• Christopher Daniel Harter
4. semester, Teknoantropologi, Kandidat (Kandidatuddannelse)

Background: January 2004, marked the commencement date of the Danish Act on Patient Safety in the Danish Health Care System, which made it mandatory, by law, for all health care professionals to report (potential) adverse events, by means of the national reporting system. The aim of the act and the national reporting system is to improve patient safety, throughout the Danish health care system, by analyzing adverse event reports in a learning perspective. However, ten years after the official commencement date, media have argued that the Danish health care system, have not been learning from their mistakes, as Danish media reports numbers showing that adverse events are being reported as frequent today, as they were in 2004. This argument, presented by Danish media, led to the discovery that not only do different health care institutions have varying reporting frequencies of adverse events, but the same trend can be found within individual health care institutions, between departments. Initial contact with the North Jutland Region’s regional quality committee, confirmed having observed this variance and were curious as to the cause of such discrepancy in reporting. In turn, leading to the design of present study.
Objective: To investigate discrepancies in reporting frequencies of (potential) adverse events, at two different yet comparable internal medical wards, within the same hospital organization, in Denmark. As well as to identify parameters both supporting and impeding health care professionals from reporting (potential) adverse events, in said internal medical wards.
Methods: Ethnographic study of two internal medical wards. The empirical data collection follow four stages of observations ranging from initial descriptive observations to focused and selective observations. Data was collected through participant observations, participant reports, formal and informal interviews, as well as field notes for recording observations, reports and key areas of interest for further observations.
Participants and setting: All health care professionals present at the time of conducted fieldwork, here included; doctors, nurses, health care assistants and associated students.
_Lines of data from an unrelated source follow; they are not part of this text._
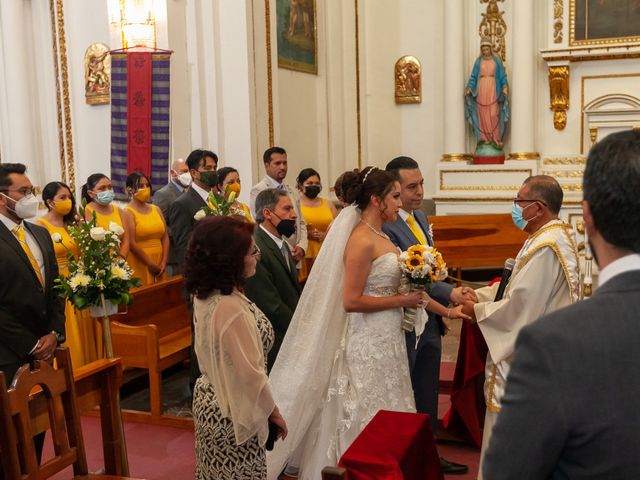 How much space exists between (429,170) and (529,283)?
897 centimetres

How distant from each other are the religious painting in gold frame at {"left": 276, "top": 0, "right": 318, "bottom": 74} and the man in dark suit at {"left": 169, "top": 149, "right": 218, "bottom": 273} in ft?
11.4

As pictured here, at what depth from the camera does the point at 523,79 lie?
11.2 metres

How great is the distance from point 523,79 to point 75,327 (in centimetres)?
789

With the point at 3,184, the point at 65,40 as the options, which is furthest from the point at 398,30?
the point at 3,184

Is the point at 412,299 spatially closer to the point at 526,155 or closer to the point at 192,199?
the point at 192,199

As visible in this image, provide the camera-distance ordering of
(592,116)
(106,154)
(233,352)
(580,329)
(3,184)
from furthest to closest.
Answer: (592,116), (106,154), (3,184), (233,352), (580,329)

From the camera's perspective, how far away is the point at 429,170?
40.4ft

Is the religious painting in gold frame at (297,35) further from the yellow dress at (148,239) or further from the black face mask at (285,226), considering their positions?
the black face mask at (285,226)

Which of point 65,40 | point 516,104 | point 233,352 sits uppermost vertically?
point 65,40

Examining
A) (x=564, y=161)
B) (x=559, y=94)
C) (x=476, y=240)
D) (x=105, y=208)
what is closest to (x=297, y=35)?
(x=476, y=240)

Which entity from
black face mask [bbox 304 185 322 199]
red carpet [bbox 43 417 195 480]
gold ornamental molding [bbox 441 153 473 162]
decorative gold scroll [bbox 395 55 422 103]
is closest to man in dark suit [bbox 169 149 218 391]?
black face mask [bbox 304 185 322 199]

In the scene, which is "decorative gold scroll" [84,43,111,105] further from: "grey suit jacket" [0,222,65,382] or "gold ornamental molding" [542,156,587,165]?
"gold ornamental molding" [542,156,587,165]

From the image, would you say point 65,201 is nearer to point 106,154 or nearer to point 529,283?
point 106,154

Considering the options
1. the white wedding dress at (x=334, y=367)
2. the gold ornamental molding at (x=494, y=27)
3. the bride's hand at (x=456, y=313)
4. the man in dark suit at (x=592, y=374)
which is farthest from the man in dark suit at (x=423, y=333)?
the gold ornamental molding at (x=494, y=27) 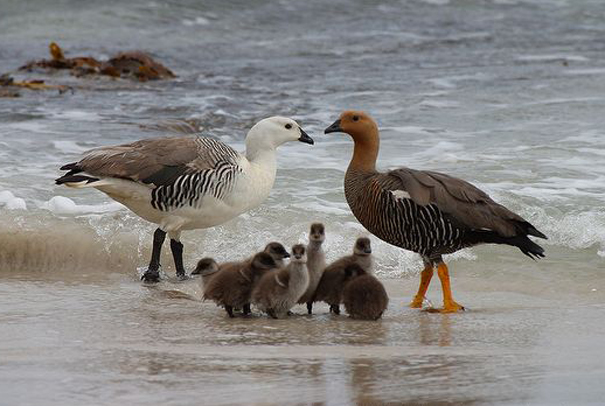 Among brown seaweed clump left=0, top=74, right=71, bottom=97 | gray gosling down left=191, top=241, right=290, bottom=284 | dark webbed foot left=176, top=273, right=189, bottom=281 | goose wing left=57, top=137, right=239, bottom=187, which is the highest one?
brown seaweed clump left=0, top=74, right=71, bottom=97

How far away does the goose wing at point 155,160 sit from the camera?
9195mm

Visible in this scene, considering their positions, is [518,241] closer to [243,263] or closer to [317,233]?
[317,233]

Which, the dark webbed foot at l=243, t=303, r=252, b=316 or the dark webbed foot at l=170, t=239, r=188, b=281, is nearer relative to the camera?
the dark webbed foot at l=243, t=303, r=252, b=316

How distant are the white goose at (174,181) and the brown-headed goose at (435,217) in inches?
56.9

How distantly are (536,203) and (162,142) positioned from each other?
137 inches

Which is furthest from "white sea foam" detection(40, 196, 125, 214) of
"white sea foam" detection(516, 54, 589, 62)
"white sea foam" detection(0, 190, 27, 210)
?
"white sea foam" detection(516, 54, 589, 62)

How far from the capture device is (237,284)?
7.72m

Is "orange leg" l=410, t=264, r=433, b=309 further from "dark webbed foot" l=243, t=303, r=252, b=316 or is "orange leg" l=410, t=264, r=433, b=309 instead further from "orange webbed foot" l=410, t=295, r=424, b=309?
"dark webbed foot" l=243, t=303, r=252, b=316

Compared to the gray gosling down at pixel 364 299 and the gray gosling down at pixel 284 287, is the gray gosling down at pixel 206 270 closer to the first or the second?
the gray gosling down at pixel 284 287

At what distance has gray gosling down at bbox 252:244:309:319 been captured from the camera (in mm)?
7602

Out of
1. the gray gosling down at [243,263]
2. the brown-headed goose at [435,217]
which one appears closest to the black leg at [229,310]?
the gray gosling down at [243,263]

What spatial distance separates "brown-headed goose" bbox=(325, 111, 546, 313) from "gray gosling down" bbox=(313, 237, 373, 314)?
0.20 metres

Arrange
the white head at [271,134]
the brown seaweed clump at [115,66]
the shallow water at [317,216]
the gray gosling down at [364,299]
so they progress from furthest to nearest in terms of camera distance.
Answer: the brown seaweed clump at [115,66], the white head at [271,134], the gray gosling down at [364,299], the shallow water at [317,216]

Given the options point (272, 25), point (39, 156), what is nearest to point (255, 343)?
point (39, 156) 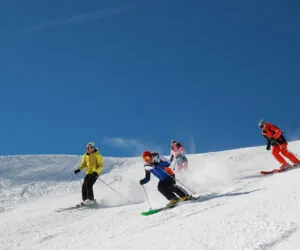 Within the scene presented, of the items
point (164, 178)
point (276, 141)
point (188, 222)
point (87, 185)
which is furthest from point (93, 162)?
point (188, 222)

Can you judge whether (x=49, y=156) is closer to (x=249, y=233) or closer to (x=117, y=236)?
(x=117, y=236)

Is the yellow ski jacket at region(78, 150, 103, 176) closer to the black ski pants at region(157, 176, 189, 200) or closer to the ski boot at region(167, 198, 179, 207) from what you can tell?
the black ski pants at region(157, 176, 189, 200)

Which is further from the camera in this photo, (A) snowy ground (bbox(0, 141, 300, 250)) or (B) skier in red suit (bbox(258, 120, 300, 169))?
(B) skier in red suit (bbox(258, 120, 300, 169))

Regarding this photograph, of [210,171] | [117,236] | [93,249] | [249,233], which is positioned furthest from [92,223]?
[210,171]

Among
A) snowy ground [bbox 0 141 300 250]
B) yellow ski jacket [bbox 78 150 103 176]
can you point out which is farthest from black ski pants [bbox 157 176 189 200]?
yellow ski jacket [bbox 78 150 103 176]

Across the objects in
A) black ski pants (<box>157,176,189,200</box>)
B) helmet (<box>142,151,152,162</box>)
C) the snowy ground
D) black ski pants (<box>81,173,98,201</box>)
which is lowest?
the snowy ground

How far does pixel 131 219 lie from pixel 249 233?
3762 mm

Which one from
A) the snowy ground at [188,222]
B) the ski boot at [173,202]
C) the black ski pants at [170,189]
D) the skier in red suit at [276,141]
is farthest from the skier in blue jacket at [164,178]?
the skier in red suit at [276,141]

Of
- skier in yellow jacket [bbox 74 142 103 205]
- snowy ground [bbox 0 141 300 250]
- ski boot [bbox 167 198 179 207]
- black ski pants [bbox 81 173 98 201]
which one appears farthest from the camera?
skier in yellow jacket [bbox 74 142 103 205]

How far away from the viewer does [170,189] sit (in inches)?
384

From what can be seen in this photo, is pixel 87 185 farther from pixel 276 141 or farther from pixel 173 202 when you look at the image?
pixel 276 141

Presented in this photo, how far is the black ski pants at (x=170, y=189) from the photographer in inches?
380

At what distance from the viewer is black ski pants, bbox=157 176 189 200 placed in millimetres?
9641

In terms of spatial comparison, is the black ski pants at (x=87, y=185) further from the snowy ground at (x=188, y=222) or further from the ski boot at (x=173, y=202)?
the ski boot at (x=173, y=202)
All participants were employed in different departments and wards, within the same hospital organization. The two wards in focus were different, yet comparable internal medical wards with discernable differences in reporting frequencies of adverse events.
Results: Three main parameters were discovered throughout the conducted ethnographic fieldwork. Prioritization of tasks, Evaluation of adverse events’ severity-level and interpersonal relationships. Analysis of the three parameters, led to the discovery of several sub-parameters, as underlying supportive and impeding factors to adverse event reporting. The three parameters, as well as corresponding sub-parameters, were seen as both supportive and impeding factors in terms of health care professionals attitudes towards adverse event reporting.
Conclusions: Three main parameters, including corresponding sub-parameters, could be seen as a plausible explanation to why the selected wards were showing differing reporting frequencies of (potential) adverse events. Moreover, by contextualizing the results presented in current thesis, with results from international academic literature, indicated a need to focus on medical culture as a supportive and impeding factor in health care professionals’ attitudes towards adverse event reporting. Present thesis suggests a new perspective, to investigate how the Danish adverse event reporting system could be optimized, to take the parameters presented here, into consideration. This could provide knowledge on how the integration of adverse event reporting in the work routines of Danish health care professionals, could improve the national reporting system.